## Task brief
In full and without alteration, write out the data below.

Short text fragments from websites
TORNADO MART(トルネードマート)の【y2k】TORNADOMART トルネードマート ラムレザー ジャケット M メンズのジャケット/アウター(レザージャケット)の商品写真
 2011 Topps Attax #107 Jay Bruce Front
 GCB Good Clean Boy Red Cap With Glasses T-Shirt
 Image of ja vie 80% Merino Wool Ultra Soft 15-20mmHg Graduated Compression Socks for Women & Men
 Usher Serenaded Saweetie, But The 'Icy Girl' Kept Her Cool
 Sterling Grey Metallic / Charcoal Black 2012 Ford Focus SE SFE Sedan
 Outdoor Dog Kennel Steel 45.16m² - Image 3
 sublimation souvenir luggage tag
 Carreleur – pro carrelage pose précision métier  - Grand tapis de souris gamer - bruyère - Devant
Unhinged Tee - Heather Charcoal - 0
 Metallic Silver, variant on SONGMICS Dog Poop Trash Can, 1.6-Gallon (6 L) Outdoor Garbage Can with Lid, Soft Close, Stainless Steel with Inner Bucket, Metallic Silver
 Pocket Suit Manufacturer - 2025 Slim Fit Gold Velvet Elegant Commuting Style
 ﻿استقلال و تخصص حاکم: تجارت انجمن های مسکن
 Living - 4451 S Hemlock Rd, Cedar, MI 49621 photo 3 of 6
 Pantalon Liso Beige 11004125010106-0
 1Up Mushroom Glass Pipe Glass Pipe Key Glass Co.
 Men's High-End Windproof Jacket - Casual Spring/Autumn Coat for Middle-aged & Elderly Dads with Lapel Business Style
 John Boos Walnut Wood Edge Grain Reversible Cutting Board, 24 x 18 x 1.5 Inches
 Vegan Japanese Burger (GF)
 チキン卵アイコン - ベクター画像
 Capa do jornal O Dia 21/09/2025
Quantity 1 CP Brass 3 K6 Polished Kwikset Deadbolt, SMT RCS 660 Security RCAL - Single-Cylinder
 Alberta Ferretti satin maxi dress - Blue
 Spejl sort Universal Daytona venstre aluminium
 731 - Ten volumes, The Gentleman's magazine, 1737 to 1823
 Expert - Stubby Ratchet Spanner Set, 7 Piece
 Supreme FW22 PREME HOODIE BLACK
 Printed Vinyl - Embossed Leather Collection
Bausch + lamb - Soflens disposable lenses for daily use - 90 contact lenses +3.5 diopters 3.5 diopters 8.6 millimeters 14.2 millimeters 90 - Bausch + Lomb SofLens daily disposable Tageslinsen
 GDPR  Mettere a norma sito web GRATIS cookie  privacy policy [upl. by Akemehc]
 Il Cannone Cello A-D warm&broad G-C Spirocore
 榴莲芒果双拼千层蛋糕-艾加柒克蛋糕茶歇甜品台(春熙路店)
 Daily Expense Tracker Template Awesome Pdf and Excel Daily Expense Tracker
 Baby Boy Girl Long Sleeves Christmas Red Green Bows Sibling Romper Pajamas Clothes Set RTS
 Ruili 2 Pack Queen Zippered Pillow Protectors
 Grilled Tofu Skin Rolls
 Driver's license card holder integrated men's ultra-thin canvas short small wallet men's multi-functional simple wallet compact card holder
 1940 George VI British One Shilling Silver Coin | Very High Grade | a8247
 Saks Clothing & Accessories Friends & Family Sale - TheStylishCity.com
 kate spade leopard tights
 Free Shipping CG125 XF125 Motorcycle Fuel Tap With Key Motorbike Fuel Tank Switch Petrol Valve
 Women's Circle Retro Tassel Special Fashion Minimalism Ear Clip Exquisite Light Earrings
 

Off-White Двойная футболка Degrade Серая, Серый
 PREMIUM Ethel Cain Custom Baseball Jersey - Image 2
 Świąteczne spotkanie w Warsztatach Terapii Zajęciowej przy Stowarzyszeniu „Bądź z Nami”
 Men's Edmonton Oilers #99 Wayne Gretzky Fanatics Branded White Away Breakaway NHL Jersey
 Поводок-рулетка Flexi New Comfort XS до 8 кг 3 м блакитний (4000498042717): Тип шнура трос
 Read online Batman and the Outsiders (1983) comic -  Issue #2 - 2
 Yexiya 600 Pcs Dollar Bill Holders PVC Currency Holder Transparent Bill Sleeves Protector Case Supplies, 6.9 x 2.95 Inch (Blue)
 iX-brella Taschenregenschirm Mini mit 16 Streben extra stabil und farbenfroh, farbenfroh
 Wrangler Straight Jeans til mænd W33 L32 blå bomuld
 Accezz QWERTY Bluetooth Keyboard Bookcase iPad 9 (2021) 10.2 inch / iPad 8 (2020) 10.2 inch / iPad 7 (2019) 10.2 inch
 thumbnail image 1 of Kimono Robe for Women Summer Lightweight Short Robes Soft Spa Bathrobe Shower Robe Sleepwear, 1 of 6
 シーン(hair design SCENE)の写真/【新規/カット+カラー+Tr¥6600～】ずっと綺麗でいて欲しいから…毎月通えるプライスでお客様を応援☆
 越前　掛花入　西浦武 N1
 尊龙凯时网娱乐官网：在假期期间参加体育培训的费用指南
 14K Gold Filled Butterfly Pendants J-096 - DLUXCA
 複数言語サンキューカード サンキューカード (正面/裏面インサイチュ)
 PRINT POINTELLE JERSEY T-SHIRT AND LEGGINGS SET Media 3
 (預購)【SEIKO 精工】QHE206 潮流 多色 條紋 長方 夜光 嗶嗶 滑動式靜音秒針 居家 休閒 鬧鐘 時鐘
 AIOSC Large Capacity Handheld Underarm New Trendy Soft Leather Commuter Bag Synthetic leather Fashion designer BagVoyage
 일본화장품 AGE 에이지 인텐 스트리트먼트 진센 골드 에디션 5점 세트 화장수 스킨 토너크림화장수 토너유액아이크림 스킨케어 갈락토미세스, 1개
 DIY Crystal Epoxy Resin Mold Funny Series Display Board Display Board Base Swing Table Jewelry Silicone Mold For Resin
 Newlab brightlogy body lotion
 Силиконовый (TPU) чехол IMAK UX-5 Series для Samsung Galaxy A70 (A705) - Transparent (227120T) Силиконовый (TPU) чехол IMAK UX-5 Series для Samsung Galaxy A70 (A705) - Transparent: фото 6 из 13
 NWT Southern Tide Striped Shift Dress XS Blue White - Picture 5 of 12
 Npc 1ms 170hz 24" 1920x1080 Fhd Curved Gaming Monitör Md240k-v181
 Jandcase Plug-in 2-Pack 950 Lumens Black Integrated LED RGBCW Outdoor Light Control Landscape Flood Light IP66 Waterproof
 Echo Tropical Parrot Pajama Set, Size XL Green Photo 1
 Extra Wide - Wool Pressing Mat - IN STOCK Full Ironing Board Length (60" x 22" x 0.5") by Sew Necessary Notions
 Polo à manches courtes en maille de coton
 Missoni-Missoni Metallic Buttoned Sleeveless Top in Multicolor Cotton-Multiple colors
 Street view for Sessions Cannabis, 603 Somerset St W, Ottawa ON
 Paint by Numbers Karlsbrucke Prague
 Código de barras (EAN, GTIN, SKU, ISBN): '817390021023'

## Final answer
TORNADO MART(トルネードマート)の【y2k】TORNADOMART トルネードマート ラムレザー ジャケット M メンズのジャケット/アウター(レザージャケット)の商品写真
 2011 Topps Attax #107 Jay Bruce Front
 GCB Good Clean Boy Red Cap With Glasses T-Shirt
 Image of ja vie 80% Merino Wool Ultra Soft 15-20mmHg Graduated Compression Socks for Women & Men
 Usher Serenaded Saweetie, But The 'Icy Girl' Kept Her Cool
 Sterling Grey Metallic / Charcoal Black 2012 Ford Focus SE SFE Sedan
 Outdoor Dog Kennel Steel 45.16m² - Image 3
 sublimation souvenir luggage tag
 Carreleur – pro carrelage pose précision métier  - Grand tapis de souris gamer - bruyère - Devant
Unhinged Tee - Heather Charcoal - 0
 Metallic Silver, variant on SONGMICS Dog Poop Trash Can, 1.6-Gallon (6 L) Outdoor Garbage Can with Lid, Soft Close, Stainless Steel with Inner Bucket, Metallic Silver
 Pocket Suit Manufacturer - 2025 Slim Fit Gold Velvet Elegant Commuting Style
 ﻿استقلال و تخصص حاکم: تجارت انجمن های مسکن
 Living - 4451 S Hemlock Rd, Cedar, MI 49621 photo 3 of 6
 Pantalon Liso Beige 11004125010106-0
 1Up Mushroom Glass Pipe Glass Pipe Key Glass Co.
 Men's High-End Windproof Jacket - Casual Spring/Autumn Coat for Middle-aged & Elderly Dads with Lapel Business Style
 John Boos Walnut Wood Edge Grain Reversible Cutting Board, 24 x 18 x 1.5 Inches
 Vegan Japanese Burger (GF)
 チキン卵アイコン - ベクター画像
 Capa do jornal O Dia 21/09/2025
Quantity 1 CP Brass 3 K6 Polished Kwikset Deadbolt, SMT RCS 660 Security RCAL - Single-Cylinder
 Alberta Ferretti satin maxi dress - Blue
 Spejl sort Universal Daytona venstre aluminium
 731 - Ten volumes, The Gentleman's magazine, 1737 to 1823
 Expert - Stubby Ratchet Spanner Set, 7 Piece
 Supreme FW22 PREME HOODIE BLACK
 Printed Vinyl - Embossed Leather Collection
Bausch + lamb - Soflens disposable lenses for daily use - 90 contact lenses +3.5 diopters 3.5 diopters 8.6 millimeters 14.2 millimeters 90 - Bausch + Lomb SofLens daily disposable Tageslinsen
 GDPR  Mettere a norma sito web GRATIS cookie  privacy policy [upl. by Akemehc]
 Il Cannone Cello A-D warm&broad G-C Spirocore
 榴莲芒果双拼千层蛋糕-艾加柒克蛋糕茶歇甜品台(春熙路店)
 Daily Expense Tracker Template Awesome Pdf and Excel Daily Expense Tracker
 Baby Boy Girl Long Sleeves Christmas Red Green Bows Sibling Romper Pajamas Clothes Set RTS
 Ruili 2 Pack Queen Zippered Pillow Protectors
 Grilled Tofu Skin Rolls
 Driver's license card holder integrated men's ultra-thin canvas short small wallet men's multi-functional simple wallet compact card holder
 1940 George VI British One Shilling Silver Coin | Very High Grade | a8247
 Saks Clothing & Accessories Friends & Family Sale - TheStylishCity.com
 kate spade leopard tights
 Free Shipping CG125 XF125 Motorcycle Fuel Tap With Key Motorbike Fuel Tank Switch Petrol Valve
 Women's Circle Retro Tassel Special Fashion Minimalism Ear Clip Exquisite Light Earrings
 

Off-White Двойная футболка Degrade Серая, Серый
 PREMIUM Ethel Cain Custom Baseball Jersey - Image 2
 Świąteczne spotkanie w Warsztatach Terapii Zajęciowej przy Stowarzyszeniu „Bądź z Nami”
 Men's Edmonton Oilers #99 Wayne Gretzky Fanatics Branded White Away Breakaway NHL Jersey
 Поводок-рулетка Flexi New Comfort XS до 8 кг 3 м блакитний (4000498042717): Тип шнура трос
 Read online Batman and the Outsiders (1983) comic -  Issue #2 - 2
 Yexiya 600 Pcs Dollar Bill Holders PVC Currency Holder Transparent Bill Sleeves Protector Case Supplies, 6.9 x 2.95 Inch (Blue)
 iX-brella Taschenregenschirm Mini mit 16 Streben extra stabil und farbenfroh, farbenfroh
 Wrangler Straight Jeans til mænd W33 L32 blå bomuld
 Accezz QWERTY Bluetooth Keyboard Bookcase iPad 9 (2021) 10.2 inch / iPad 8 (2020) 10.2 inch / iPad 7 (2019) 10.2 inch
 thumbnail image 1 of Kimono Robe for Women Summer Lightweight Short Robes Soft Spa Bathrobe Shower Robe Sleepwear, 1 of 6
 シーン(hair design SCENE)の写真/【新規/カット+カラー+Tr¥6600～】ずっと綺麗でいて欲しいから…毎月通えるプライスでお客様を応援☆
 越前　掛花入　西浦武 N1
 尊龙凯时网娱乐官网：在假期期间参加体育培训的费用指南
 14K Gold Filled Butterfly Pendants J-096 - DLUXCA
 複数言語サンキューカード サンキューカード (正面/裏面インサイチュ)
 PRINT POINTELLE JERSEY T-SHIRT AND LEGGINGS SET Media 3
 (預購)【SEIKO 精工】QHE206 潮流 多色 條紋 長方 夜光 嗶嗶 滑動式靜音秒針 居家 休閒 鬧鐘 時鐘
 AIOSC Large Capacity Handheld Underarm New Trendy Soft Leather Commuter Bag Synthetic leather Fashion designer BagVoyage
 일본화장품 AGE 에이지 인텐 스트리트먼트 진센 골드 에디션 5점 세트 화장수 스킨 토너크림화장수 토너유액아이크림 스킨케어 갈락토미세스, 1개
 DIY Crystal Epoxy Resin Mold Funny Series Display Board Display Board Base Swing Table Jewelry Silicone Mold For Resin
 Newlab brightlogy body lotion
 Силиконовый (TPU) чехол IMAK UX-5 Series для Samsung Galaxy A70 (A705) - Transparent (227120T) Силиконовый (TPU) чехол IMAK UX-5 Series для Samsung Galaxy A70 (A705) - Transparent: фото 6 из 13
 NWT Southern Tide Striped Shift Dress XS Blue White - Picture 5 of 12
 Npc 1ms 170hz 24" 1920x1080 Fhd Curved Gaming Monitör Md240k-v181
 Jandcase Plug-in 2-Pack 950 Lumens Black Integrated LED RGBCW Outdoor Light Control Landscape Flood Light IP66 Waterproof
 Echo Tropical Parrot Pajama Set, Size XL Green Photo 1
 Extra Wide - Wool Pressing Mat - IN STOCK Full Ironing Board Length (60" x 22" x 0.5") by Sew Necessary Notions
 Polo à manches courtes en maille de coton
 Missoni-Missoni Metallic Buttoned Sleeveless Top in Multicolor Cotton-Multiple colors
 Street view for Sessions Cannabis, 603 Somerset St W, Ottawa ON
 Paint by Numbers Karlsbrucke Prague
 Código de barras (EAN, GTIN, SKU, ISBN): '817390021023'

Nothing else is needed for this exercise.